Bloem is the Director/Naturalist of the Houston Nature Center, Coordinator of the International Festival of Owls and the new executive director of the up-and-coming International Owl Center. She has been studying great horned owl vocalizations since 2004, thanks to her education owl, Alice, and the wild owls that frequent her yard.
Rusty and Iris are giving a new level of insight into great horned owl behavior and vocalizations not otherwise possible with wild owls. They live in a large breeding and release training complex that is 96 feet long and outfitted with six security cameras and microphones.
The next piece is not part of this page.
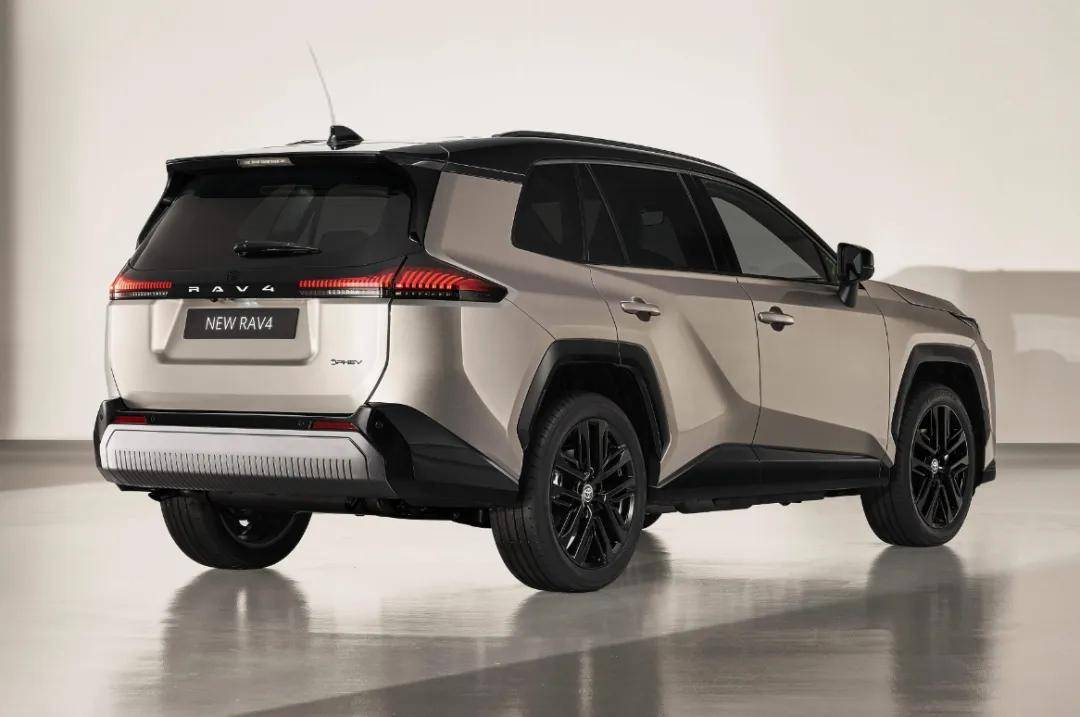 全新一代RAV4来了，丰田真的抠到家了？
This allows Bloem to watch Rusty, Iris and owlets without them knowing they are being watched. It also allows anyone in the world with an internet connection to view them, too.
Bloem hopes that viewers will not only enjoy watching the owls raise their young and learn something along the way, but that viewers will submit observations of interesting behaviors and vocalizations to help her with her study.
Owlet number one hatched on March 15 with owlet number two and number three expected shortly thereafter. The eggs were laid on Feb. 10, 13 and 16 and require 33 days of incubation before hatching.
The owlets will eventually be given names and leg bands. Once they have developed their full territorial hoots they will be released to the wild.